The data curator should take care not to use the actual min and max values from the dataset, when setting lower and upper, if these are sensitive, but instead should use a domain specific lower and upper (e.g. 0-100 for age).

If lower and upper are not provided, numeric aggregates such as SUM, AVG, STDDEV, will be unavailable for that column.

The collection element supports an optional engine attribute, which specifies a set of name disambiguation rules to be used. For example, some data sources may be case-sensitive, such that ‘CustomerID’ and ‘customerID’ refer to two different columns. To provide deterministic evaluation of metadata, implementations must be able to determine how to handle case-sensitivity, character sets, namespaces, and escaping of special characters such as spaces in column names.

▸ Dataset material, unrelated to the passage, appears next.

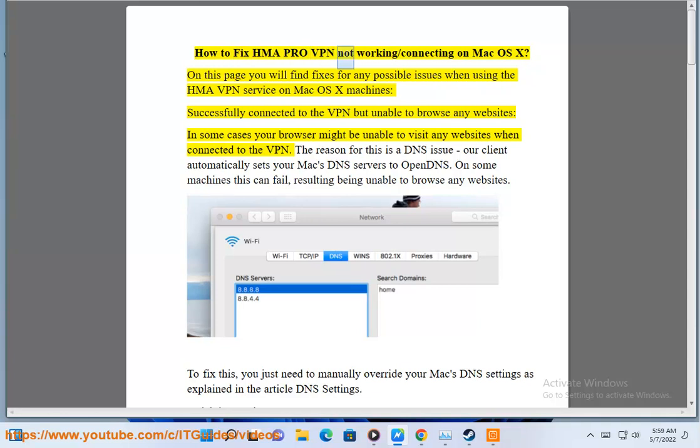How to fix HMA Pro VPN not working or connecting on Mac OS X. On this page you will find fixes for any possible issues when using the HMA VPN service on Mac OS X machines.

If the engine attribute is not specified, implementations may define implementation-specific name disambiguation rules, presumably tied to a very limited number of supported data sources. Implementations should reject data sources with unknown engine specified.

Collection names, and switching between collections, are implementation-dependent and out of scope for this document.

In some cases, implementation may map the attribute names specified above to avoid collision with reserved keywords. For example, ‘type’ is a reserved keyword in some programming languages, so in-memory objects will use a different attribute name, such as ‘val_type’. Implementations may choose to serialize using different conventions, such as camel casing or snake casing. It is not expected that serializations from one implementation will be used in another.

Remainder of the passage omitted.